To assure constant pressure on the pump discharge, a back pressure control valve is used, providing flow at a constant pressure level through the meter and normalizing liquid density. A result, according to Cameron, is a highly accurate measurement that normally would not occur with high-gravity oil production. These measurements are relayed to the PLC for archiving and transmitted for daily production reads.

After passing through the metering system, oil is pumped to the stabilizer skid, which includes a natural gas heater that is fueled from the wellhead. Heated oil is flowed through a packed column where the more volatile hydrocarbons from the oil are removed. Stabilized oil is pumped to storage tanks, resulting in emission rates consistent with API 25° gravity crude. Rich gas from the stabilizer column is then sent via pipeline to a gas plant for processing.

Under the ideal scenario, the operator would use an ECO2 production system while constructing a gathering system for delivery of crude and NGLs to a centralized stabilizer facility. Because the oil and NGLs are pressurized, the central stabilizer is located miles from the well pad and processes liquid from multiple wells. When the gathering system is operational, the stabilizer and storage tanks are removed from the well pad, leaving the CIPU and generator, resulting in less equipment on location and a smaller footprint.

The system can be configured for numerous scenarios. For example, a condensate gathering system, according to Cameron, allows all condensate to be moved to a central site through a small-diameter pipeline. The production system measures and samples condensate from each well. New high-pressure and older low-pressure wells each access the system because the condensate is pumped from each CIPU. Although new high-pressure condensate retains NGLs, it can be transported to the central location as a single-phase fluid. All flared volumes are eliminated.

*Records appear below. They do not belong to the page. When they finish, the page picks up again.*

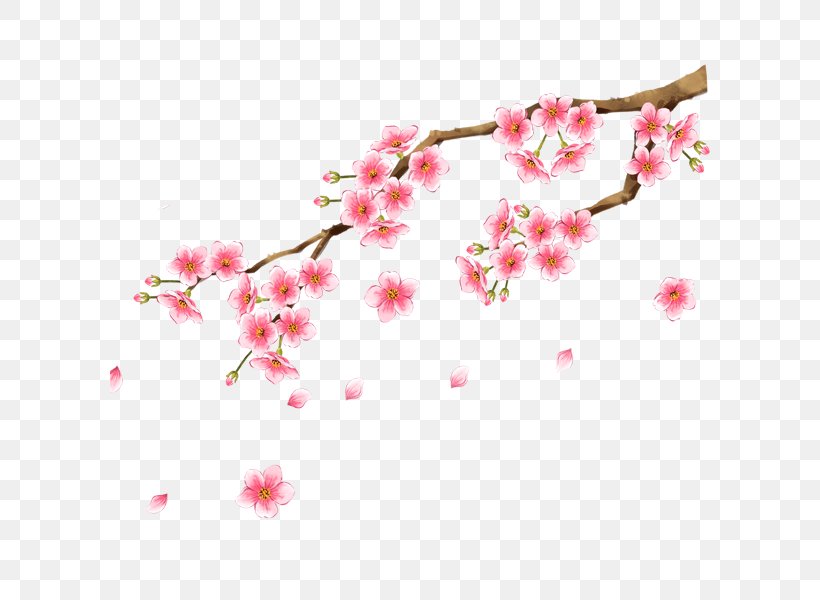 Plum Blossom Clip Art, PNG, 600x600px, Blossom, Branch, Cherry, Cherry Blossom, Common Plum Download Free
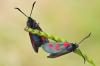 71035 – Photo : Joseph Rezeau – France (35)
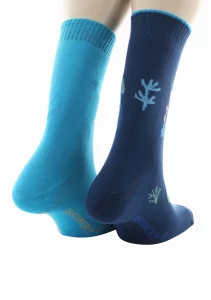 Chaussettes Réversibles Tortue Bleu – Image 4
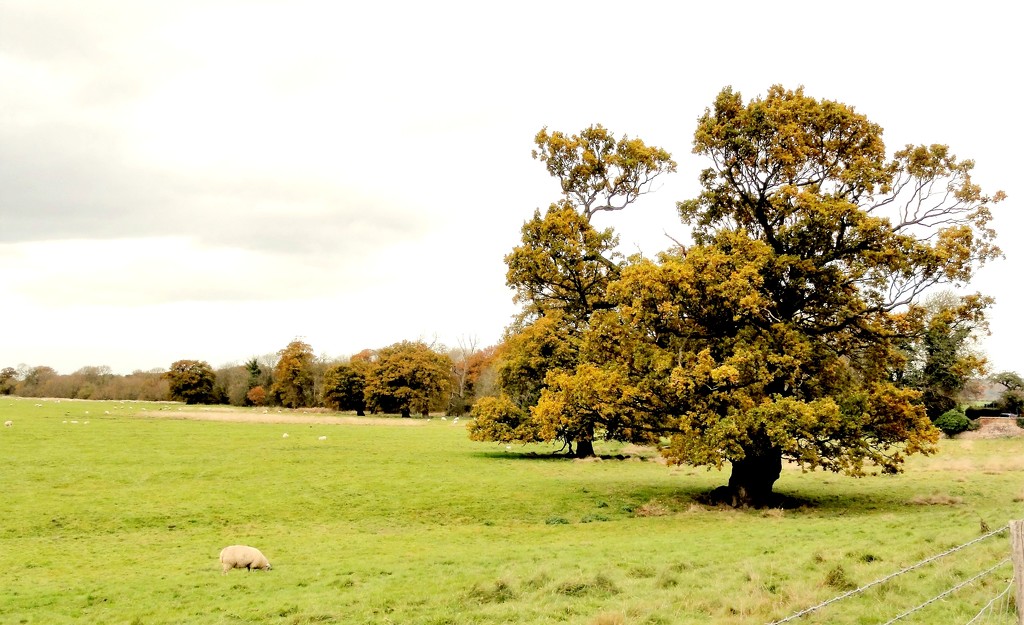 The old Oak Tree  by beryl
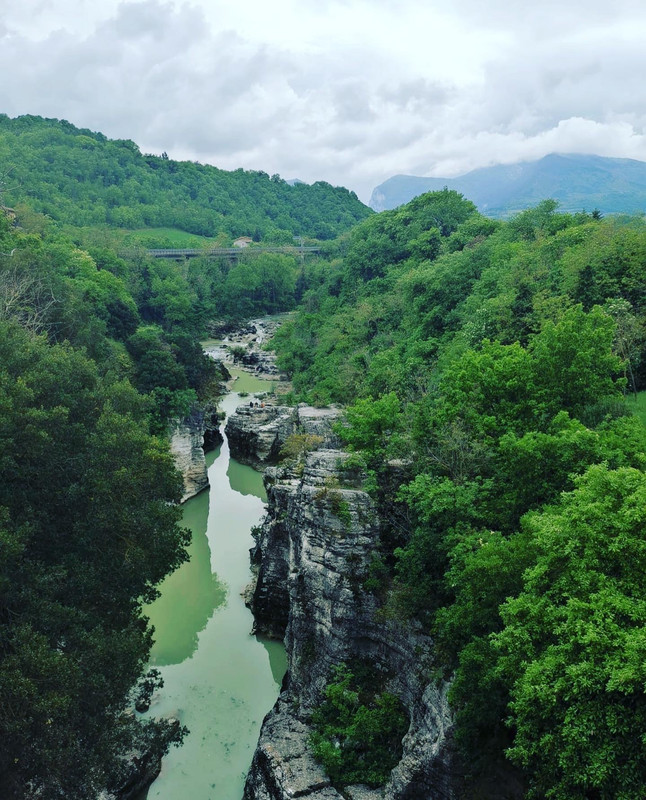 D7D289AB-8EBE-474B-8AB5-2EA1D33C68DE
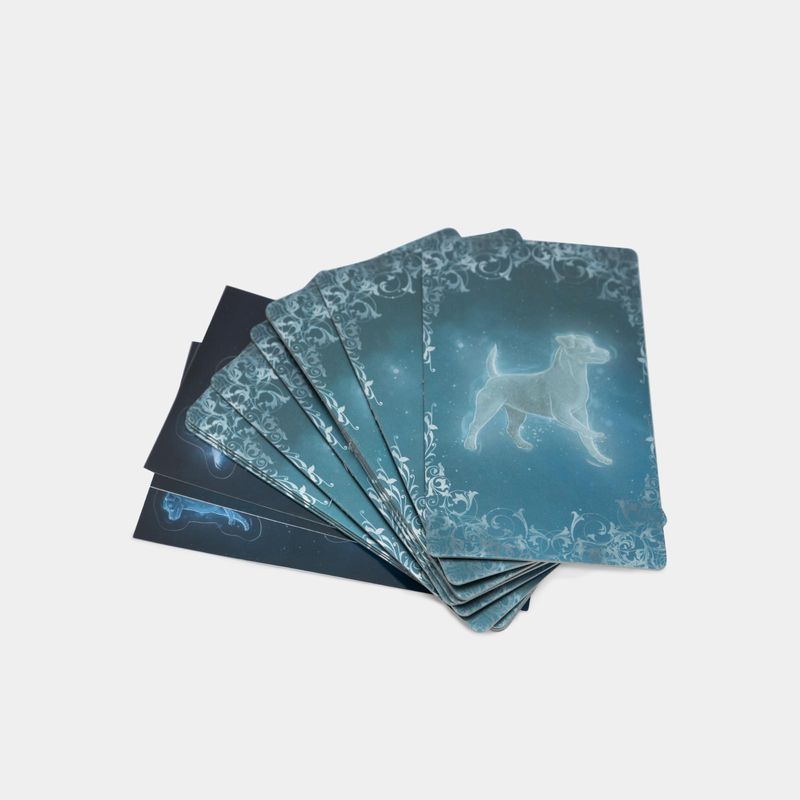 harry-potter-patronus-guided-journal-and-5-9780762479252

A high-pressure gas-gathering system directs the gas into the gathering system while the well is choked, eliminating the need for compression during high-volume flow. The high-pressure line eliminates significant compression horsepower and associated costs, maintenance and fuel, and allows for about one-third of the gas reserves to move to market without compression. The gas is consolidated at a central compression facility for treating, if necessary. A large portion of NGLs remain in the condensate, avoiding high-pressure gas system slugging.